● **DATASET CONTENT**:
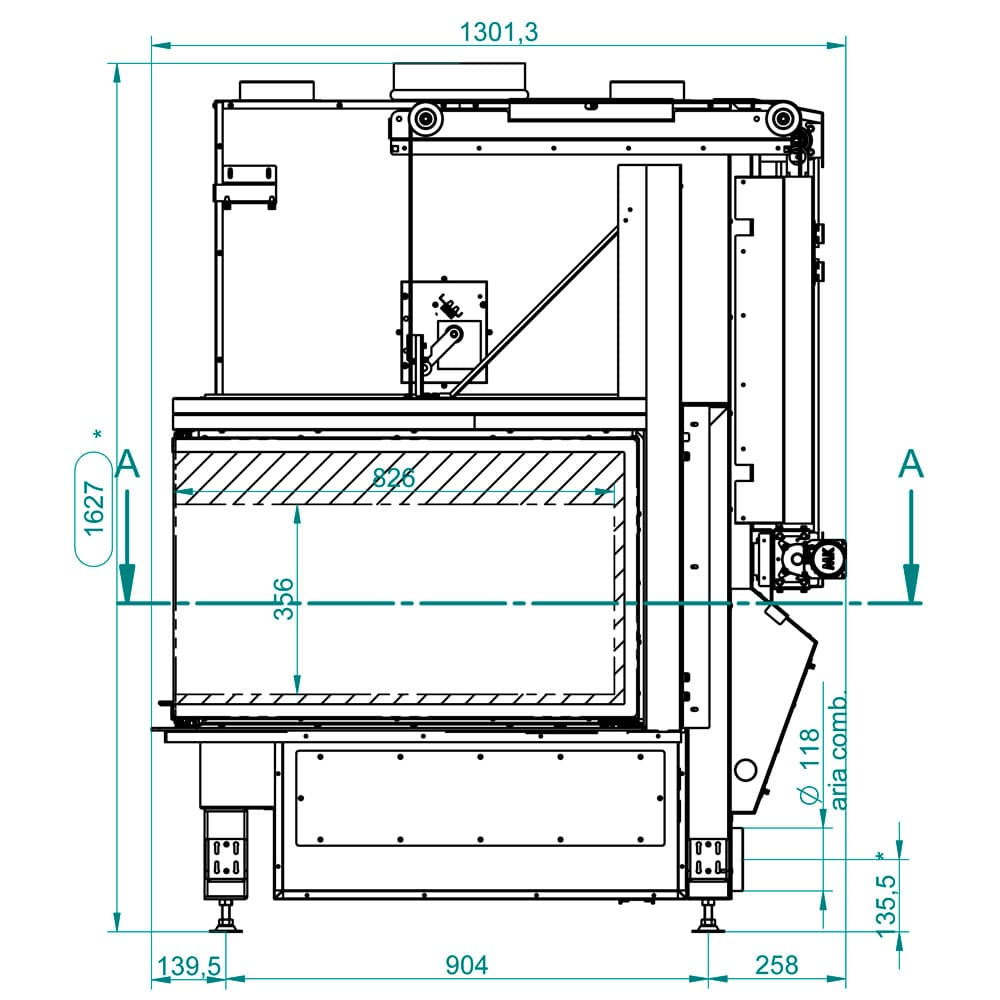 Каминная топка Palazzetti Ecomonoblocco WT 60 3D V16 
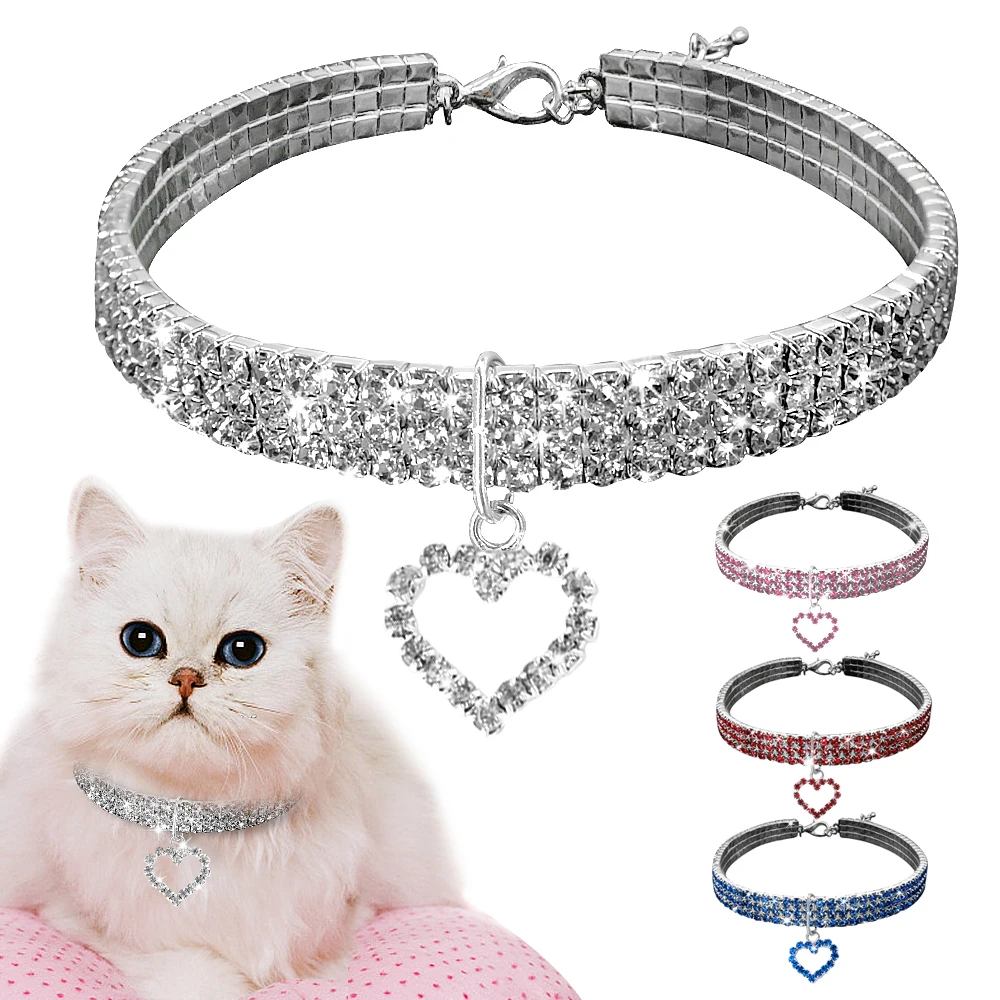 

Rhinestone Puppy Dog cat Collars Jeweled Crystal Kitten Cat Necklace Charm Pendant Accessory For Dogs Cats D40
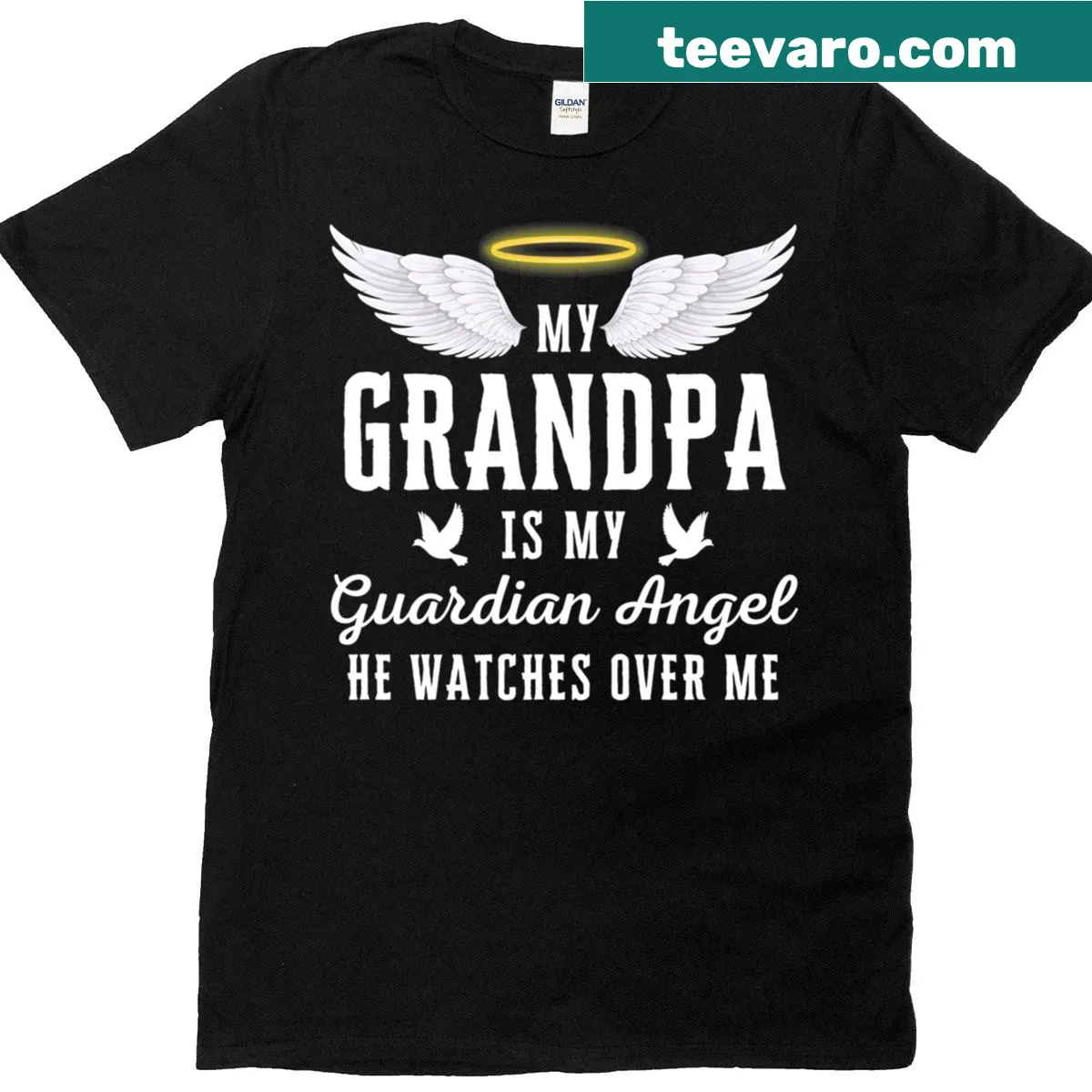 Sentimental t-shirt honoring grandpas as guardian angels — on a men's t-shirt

● **YOUR TASK**: Copy the data character for character, but drop all pictures from the copy.

● **RESULT OF THE TASK**:
 Каминная топка Palazzetti Ecomonoblocco WT 60 3D V16 

Rhinestone Puppy Dog cat Collars Jeweled Crystal Kitten Cat Necklace Charm Pendant Accessory For Dogs Cats D40
 Sentimental t-shirt honoring grandpas as guardian angels — on a men's t-shirt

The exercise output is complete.